La Giallombardo scrive: “ a differenza di una mostra collettiva tradizionale, dove le opere sono esposte in uno stesso spazio, ma separatamente, qui, un unico punto dello spazio, l’oggetto – libro, raccoglie le tecniche, le poetiche e le rivisitazioni degli artisti chiamati a partecipare.”

Racconta anche la procedura tecnica di costruzione del libro: una volta che gli artisti consegnavano i loro lavori, “le carte sono poi state rilegate dal laboratorio artigiano di Bottega Fagnola, di Torino, in maniera da costituire una facciata (cioè due pagine consecutive) così che, a libro aperto, si veda l’opera di un artista per volta, sottolineando lo scandire del tempo e invogliando il lettore a sfogliare” aggiunge ancora “la copertina del libro è semplice e lineare, in pergamena bianca, per evitare un richiamo anacronistico posticcio alle sontuose copertine dei libri ecclesiastici e gentilizi.”

Infine rivela: “il volume contemporaneo dialoga con i libri d’ore conservati nella Biblioteca Reale di Torino, sorretto da un leggio appartenente alla collezione della biblioteca stessa.

Sottolinea inoltre “l’incredibile disponibilità intellettuale degli artisti coinvolti che, senza alcun tipo di remora, di vincolo, o di preclusione, le hanno accordato una fiducia totale, credendo al progetto in modo totale e disarmante, confezionando un prodotto finale che ha superato le aspettative”.

Non solo il prodotto finale traduce magistralmente l’idea, ma la sottolinea, la fa brillare di una particolare luce che, sbarazzatasi non del tutto della polverosa atmosfera di uno scriptorium, rifulge nel nuovo spazio –tempo museale, illuminando, non tanto il fruitore occasionale, ma, prima di tutti, il visitatore colto, curioso, magari poco avvezzo a lasciarsi convincere che arte contemporanea e medioevale possono convivere.

Alberto Busca

Gli artisti coinvolti, tra i più affermati del panorama contemporaneo, sono stati selezionati dalla curatrice assecondando criteri di diversificazione stilistica, di esperienze professionali e di cultura letteraria:
[sono indicate le gallerie di riferimento degli artisti]
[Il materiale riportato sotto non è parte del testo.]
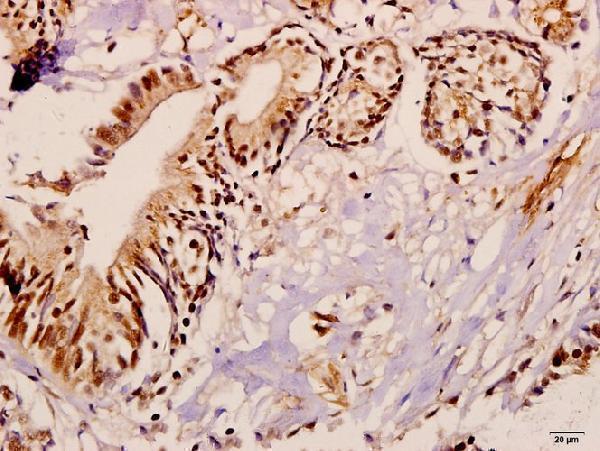 Immunohistochemistry (IHC) analyzes of ME3 (R576) pAb in paraffin-embedded human colorectal carcinoma tissue at 1:50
Cornelia Badelita (Radauti, 1982) [Peola Simondi (TO)]
Andrea Barzaghi (Monza, 1988) [Société Interludio (TO)]
Gregorio Botta (Napoli, 1953) [Peola Simondi (TO)]
Francesco Carone (Siena, 1975) [Société Interludio (TO), SpazioA (PT)]
Luca Ceccherini (Arezzo, 1993) [Société Interludio (TO)]
Manuele Cerutti (Torino, 1976) [Guido Costa Projects (TO)]
Fabrizio Cotognini (Macerata, 1983) [Prometeogallery (MI)]
Stefano Di Stasio (Napoli, 1948) [Galleria Alessandro Bagnai (AR), Galleria Vigato (AL)]
Caterina Morigi (Ravenna, 1991) [Galleria Studio G7 (BO)]
Giuseppe Mulas (Alghero, 1995) [Peola Simondi (TO)]
Nazzarena Poli Maramotti (Montecchio Emilia, 1987) [A+B gallery (BS), Sara Zanin gallery (RM)]
Paolo Pretolani (Assisi, 1991) [Marina Bastianello Gallery (VE)]
Enrico Tealdi (Cuneo, 1976) [Société Interludio (TO), Francesca Antonini Arte Contemporanea (RM).